U.N. envoy arrives in Kosovo to begin review of province's progress on key reforms

Jun 14, 2005 17:38

By Finik Abrashi
13 June 2005
Associated Press

A U.N. envoy dispatched to Kosovo Monday began a review of Kosovo's progress in strengthening democracy and guaranteeing minority rights -- key requirements before talks on the province's future status.

Kai Eide, a senior Norwegian diplomat who was recently appointed by U.N. Secretary-General Kofi Annan to initiate a wide-ranging review, said looking at the implementation of reforms is only one component of the task he has undertaken.

"I will look at this in a much broader way, which is a task given to me" by Annan, Eide said after landing at Kosovo's airport. "(We will) try to get the feeling as to what is going on on the ground as well as we can."

He said a key element to his venture would be to see and talk to people across Kosovo and hear what they have to say.

Eide will review implementation of a set of U.N.-sponsored standards that include establishing functioning democratic institutions, protecting minorities, promoting economic development and ensuring rule of law, freedom of movement and property rights in Kosovo.

He is expected to present the report to the United Nations by September.
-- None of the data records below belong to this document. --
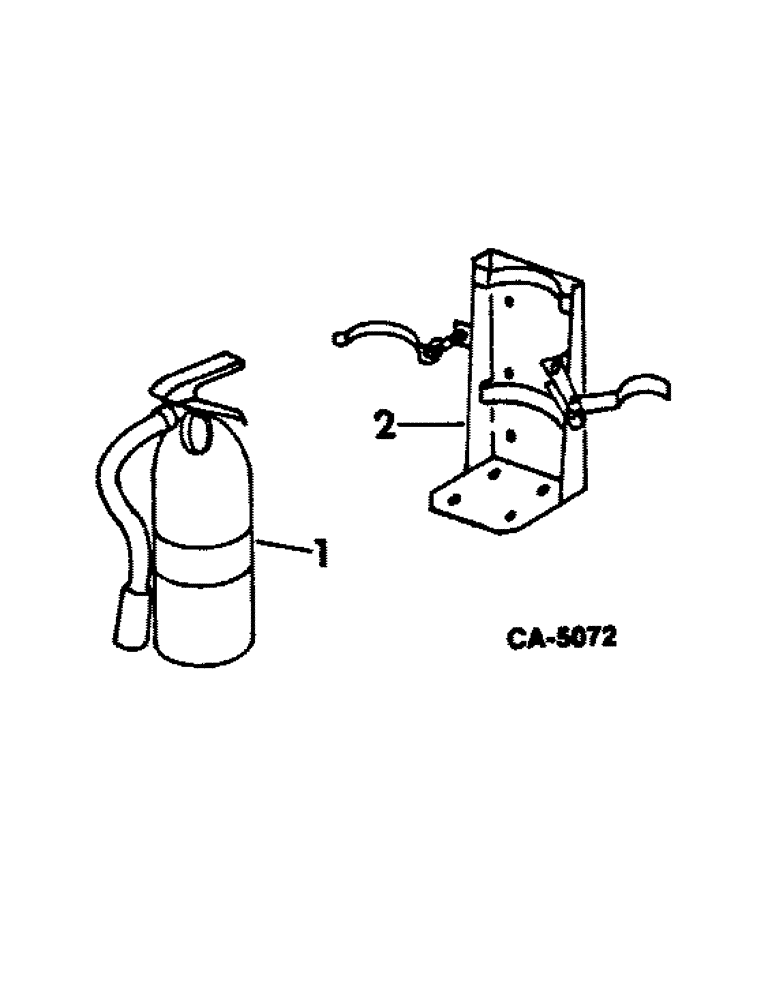 Схема запчастей Case IH 815 - (02-11) - MISCELLANEOUS, FIRE EXTINGUISHER Accessories & Attachments / Miscellaneous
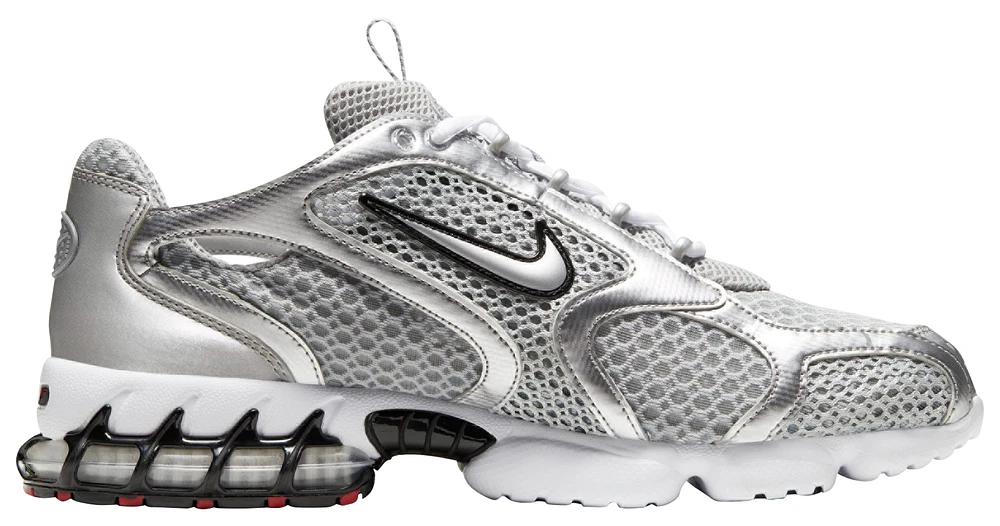 Nike Mens Air Zoom Spiridon Cage 2 TRK3 - Running Shoes Metallic Silver/Light Smoke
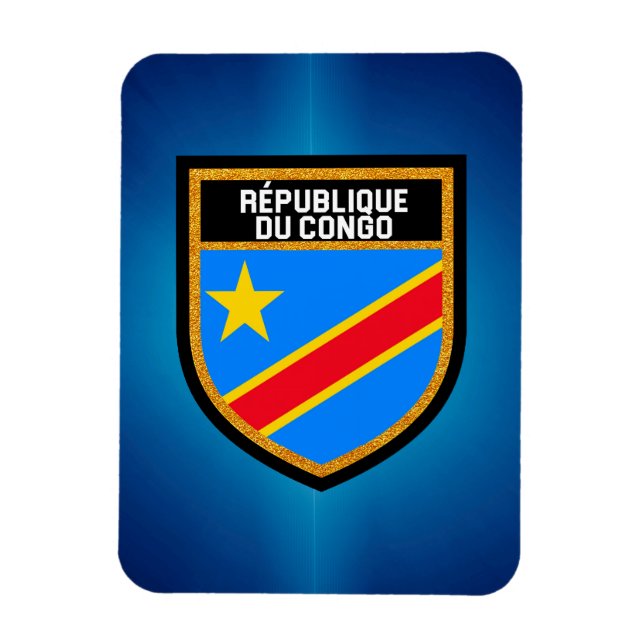 Congo Flag Magnet (Vertical)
A positive review will pave the way for possible negotiations between ethnic Albanians and Serbs on whether Kosovo becomes independent as demanded by the provinces ethnic Albanian majority or remains part of Serbia-Montenegro.

A negative outcome of the review would slow down the political process of finding a solution for the disputed status of Kosovo and that might result in violence, warned Nicholas Whyte, the Europe Program Director for the Brussels based International Crisis Group.

"I am not sure that Kosovo's political scene can take that," Whyte said. "But that is not to say that Eide should not do fair reporting."

The U.N. Security Council on May 27 endorsed Annan's recommendation for a special envoy to review Kosovo's compliance with the standards. In a report to the council, the secretary-general stressed that none of the standards has been achieved and warned that the outcome of the review "is not a foregone conclusion."

Kosovo officially remains part of Serbia-Montenegro, the union that replaced Yugoslavia. It has been under U.N. and NATO administration since a 78-day NATO-led air war that halted a Serb crackdown on ethnic Albanian separatists in 1999.

One attempt to bridge the ethnic divide proved elusive Monday when a key Kosovo bridge symbolizing the division in the northern town of Kosovska Mitrovica was shut after a Serb protest on the day it opened for civilian traffic.

Over the past six years, the bridge has been the scene of periodic violent clashes between members of Kosovo's ethnic Albanian majority, who live south of the river, and the Serb minority living north of it. Last week, NATO peacekeepers handed over control of the bridge to the U.N. police.

The bridge had been closed to traffic since March 2004, when mobs of ethnic Albanians attacked Serbs and their property in violence that killed 19 people and left some 900 injured.